Lifestyle Choices & Lifelong Rewards: The Road to Better Heart Health


Sponsored by Central Florida Health Care

Heart disease is one of the biggest medical issues we face in the modern age. It affects millions of Americans and is a leading cause of death in the US. Because of this, it’s a major concern for healthcare providers, who frequently treat patients suffering from or at high risk for heart disease. Central Florida Health News sat down with one such physician, Dr. Brian Greene, a primary care physician in Central Florida Health Care’s Frostproof office, to discuss heart health. 

“Heart disease is a large grouping of diseases that have to do with stroke, peripheral artery disease, coronary artery disease, heart failure, and any pathological heart conditions in general that are preventable,” Greene explains. 

A number of risk factors contribute to the development of heart disease here in the US, and the majority of them are related to lifestyle. 

“The big risk factors are smoking, obesity, and unhealthy diet,” Greene says. “Also, a lack of good physical activity and a sedentary lifestyle. And of course, hypertension, and the biggie, diabetes.”

Thankfully, by making certain lifestyle changes, you can greatly reduce your chances of developing heart disease. 

“The number one modifiable risk factor is to stop smoking. By far that is the biggest thing that you can do,” explains Dr. Greene. “Controlling weight and obesity is also important because the heart just doesn’t have to work as hard to circulate the volume of blood that it would in a larger person. Daily physical activity is another huge factor that I’ve talked to a lot of patients about. And often they respond, ‘You know, I work all day long, I walk all day, why isn’t that enough?’ And the thing is that the exercise that needs to happen is a constant 20 to 40 minutes of aerobic exercise that is not interrupted by little stops.”

Central Florida Health Care offers a variety of services and treatments for those at risk of heart disease.

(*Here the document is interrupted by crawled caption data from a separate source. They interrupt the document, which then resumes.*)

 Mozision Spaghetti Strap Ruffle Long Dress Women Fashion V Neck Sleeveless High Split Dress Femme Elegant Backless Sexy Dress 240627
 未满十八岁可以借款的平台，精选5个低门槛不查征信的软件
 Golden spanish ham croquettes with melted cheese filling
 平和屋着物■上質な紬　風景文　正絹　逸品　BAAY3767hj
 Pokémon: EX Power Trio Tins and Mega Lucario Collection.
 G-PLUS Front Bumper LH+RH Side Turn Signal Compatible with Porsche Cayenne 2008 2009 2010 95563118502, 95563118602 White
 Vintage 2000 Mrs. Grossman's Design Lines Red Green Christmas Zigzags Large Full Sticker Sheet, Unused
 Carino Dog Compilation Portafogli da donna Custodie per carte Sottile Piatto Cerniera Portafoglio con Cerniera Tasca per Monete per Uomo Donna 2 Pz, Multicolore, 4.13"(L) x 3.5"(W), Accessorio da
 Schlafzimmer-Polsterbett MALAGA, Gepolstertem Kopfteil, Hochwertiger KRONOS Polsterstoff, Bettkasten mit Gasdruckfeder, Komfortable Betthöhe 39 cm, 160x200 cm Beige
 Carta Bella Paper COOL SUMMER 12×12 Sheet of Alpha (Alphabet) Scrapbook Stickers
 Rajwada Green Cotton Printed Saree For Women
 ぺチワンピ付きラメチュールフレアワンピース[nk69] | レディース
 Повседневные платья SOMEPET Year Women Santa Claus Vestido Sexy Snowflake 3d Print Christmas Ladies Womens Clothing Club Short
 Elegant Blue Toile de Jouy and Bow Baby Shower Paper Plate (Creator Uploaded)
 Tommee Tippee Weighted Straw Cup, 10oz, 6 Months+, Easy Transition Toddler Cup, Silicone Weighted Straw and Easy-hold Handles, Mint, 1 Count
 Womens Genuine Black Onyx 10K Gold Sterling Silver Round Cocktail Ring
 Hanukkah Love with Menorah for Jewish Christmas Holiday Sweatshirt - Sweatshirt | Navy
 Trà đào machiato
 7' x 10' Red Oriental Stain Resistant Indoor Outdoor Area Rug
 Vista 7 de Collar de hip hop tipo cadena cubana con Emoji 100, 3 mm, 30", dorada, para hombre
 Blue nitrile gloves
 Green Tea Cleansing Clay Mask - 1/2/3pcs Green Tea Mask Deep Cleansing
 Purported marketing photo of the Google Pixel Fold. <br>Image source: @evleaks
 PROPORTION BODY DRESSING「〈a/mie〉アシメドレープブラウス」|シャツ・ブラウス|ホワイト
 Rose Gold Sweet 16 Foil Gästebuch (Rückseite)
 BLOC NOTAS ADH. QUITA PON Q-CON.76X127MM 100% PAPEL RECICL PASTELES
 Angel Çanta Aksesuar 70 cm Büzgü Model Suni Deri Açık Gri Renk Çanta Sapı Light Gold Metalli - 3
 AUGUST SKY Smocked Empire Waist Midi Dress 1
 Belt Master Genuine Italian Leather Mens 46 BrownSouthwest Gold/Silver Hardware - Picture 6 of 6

“In addition to all of the other things that we talk about like quitting smoking, we would start to talk about controlling your glycemic problem with better eating habits and medications. And then we get to an area where we start to talk about statin medications,” he explains. “Statin medications are very important for people with high risk. For those patients that are at age 40 or over and are at 10% or higher risk for 10-year cardiovascular events, we usually start a medium intensity statin medication.”

By taking control of their health and making changes to improve their heart health, patients can expect a number of improvements in their lives. 

“The rewards are pretty vast,” Greene explains. “We have patients who have been smoking for years, and their children have been saying, ‘You know mom, I wish you would quit smoking,’ and now they’re not only breathing better, but their family is happier. Or you have a spiraling diabetic who has been gaining weight for a long, long time, and finally gets things under control. They don’t gain weight as much anymore and they start to feel like they can exercise and do things that they weren’t able to before. “

While some people may be hesitant to seek medical care, he offers some words of encouragement.

“There’s an innate problem of trust in the medical system, and some of that is very valid, and much of it stems from providers who have not connected well with their patients. But we go to medical school and we do the things that we do so that we can care for people. We want you to come and we want you to take care of yourself, and we want to help you be as healthy as you can be. Our job as primary care providers is to improve your quality of life, whether that life is five years or 50 years.”